# A Day At The Range



## mdbowhunter (Oct 22, 2002)

Well, our first Field shoot attracted a whole 7 shooters...myself included.  The rain finally stopped at 10:15 and we ventured out. Here is a few pics... Targets 1, 2 and 3 at Vingt Neuf Bowmen in Baltimore, MD. A lengthy 5 minutes from my house! :tongue:


----------



## mdbowhunter (Oct 22, 2002)

At least I can shoot the 15-14 walk-up OK...:wink:

Views of the 64 WU and the 58 WU. We won't discuss this archer's scores on those targets.


----------



## mdbowhunter (Oct 22, 2002)

A few more. My good buddy Mike Kocsan shooting the toughest style around...Bowhunter.  No sight...no peep...nothing. Takes him about 30 seconds to setup a bow! :tongue:

A few more target views.


----------



## mdbowhunter (Oct 22, 2002)

Yours truly shooting the 44 yarder. And yes...that arrow went into the X! :tongue: Maybe I need a camera on me more often. :wink:

The 45 yarder and a nice view of the pond that is along side this target.


----------



## mdbowhunter (Oct 22, 2002)

Hmmmm, I believe this is what you call a 'conflict of interest'!!! :wink:

And finally AT's 'x in the spot' on the left and our club President on the right.

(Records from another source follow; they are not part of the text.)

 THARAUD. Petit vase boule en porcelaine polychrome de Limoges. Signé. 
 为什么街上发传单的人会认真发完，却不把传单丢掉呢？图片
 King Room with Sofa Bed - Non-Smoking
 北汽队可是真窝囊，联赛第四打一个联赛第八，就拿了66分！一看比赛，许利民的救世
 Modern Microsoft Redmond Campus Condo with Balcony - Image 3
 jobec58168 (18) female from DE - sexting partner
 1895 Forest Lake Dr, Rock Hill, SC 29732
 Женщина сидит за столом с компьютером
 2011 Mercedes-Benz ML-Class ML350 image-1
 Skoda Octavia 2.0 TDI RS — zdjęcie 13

He's not on Archery Talk...but we talk to him anyway. :wink:


----------



## Tim Roberts (Jul 13, 2002)

Looks like a good day out.  Thanks for sharing the pics.


----------



## Jbird (May 21, 2002)

*Man*

That looks like a fun day. The snow here has finally melted and temps in the low 50's. Actually got out in the back yard and shot my outdoor target for the first time since last fall. I feel it in the air! Our field season starts with the first field shoot May 18 in New Hampshire. We get like little kids getting everything set up for field. Why anyone would shoot indoors when the weather allows field shooting is beyond me!
Jbird


----------



## Arrow (Aug 30, 2002)

Well, I have shot two 14 targets of animals so far this year. I should be out more, but being club president has made it tough. I am not happy with the shooting yet, but it is early.

I would love to have a range like that. I will have to take pics of our range Saturday when we shoot the state Animal Round Mail-in.

Tips forward, nocks back,

Arrow


----------



## mdbowhunter (Oct 22, 2002)

It was beautiful on Saturday...high around 60 F...cut the lawn for the first time this year...removed weeds from the flower beds...then today...RAIN! We can't seem to string two good days in a row.  

Our start time was 10:00 and it didn't stop raining until 10:30.  So...needless to say...I'm sure most archers in our area looked out the window and hit the snooze alarm.  Oh well, its early in the season and MD has many shoots coming up. One thing I learned today...mdbowhunter needs *LOTS* of practice!!! :wink:


----------



## sharkred7 (Jul 19, 2005)

Cool! If my arrows ever get here I am going to get out also. Weather in the 50's here, just like summer:wink:
John


----------



## Brown Hornet (Aug 8, 2002)

Pics look great Jerry

That is a pretty flat course:wink: You need to come down this way to get some practice in before heading back the the Billy Hill :wink:


----------



## mdbowhunter (Oct 22, 2002)

Brown Hornet said:


> Pics look great Jerry
> 
> That is a pretty flat course:wink: You need to come down this way to get some practice in before heading back the the Billy Hill :wink:


Yes, its not very challenging. A few targets have a slight roll to the right, which will pull you that way if you don't pay attention. :embara: But, for the most part it is flat. Good for getting marks, etc.

I also belong to Harford Bowmen. Now that is a tough course. Uphills, downhills, side-hills...a little bit of everything. Good practice for the Hill Billy. :tongue:


----------



## Ode1891 (Aug 30, 2006)

Nice pics. We had our first shoot at Mayberry Sunday and the rain held off until everyone had finished shooting.


----------



## inside X (Mar 2, 2004)

*pics*

jerry
manage to get my good side on the pics
trent


----------



## Brown Hornet (Aug 8, 2002)

Jerry I just noticed that those Cheetahs are still working for you.....:wink:

I thought they were to short now.:noidea:


----------



## mdbowhunter (Oct 22, 2002)

Brown Hornet said:


> Jerry I just noticed that those Cheetahs are still working for you.....:wink:
> 
> I thought they were to short now.:noidea:


Fortunately the Trophy Taker is like a mini-overdraw. I can use the 26.5" Cheetahs at my 28.5" draw length. :tongue: Problem is they are a little light on spine since I increased my draw length. Looking at different arrow options on OT2. Expect a phone call soon...:wink:


----------



## Brown Hornet (Aug 8, 2002)

mdbowhunter said:


> Fortunately the Trophy Taker is like a mini-overdraw. I can use the 26.5" Cheetahs at my 28.5" draw length. :tongue: Problem is they are a little light on spine since I increased my draw length. Looking at different arrow options on OT2. Expect a phone call soon...:wink:


I should be around tonight....


----------



## Man-n-Pink (Nov 7, 2006)

Awsome pics, looks like a well put together range as well


----------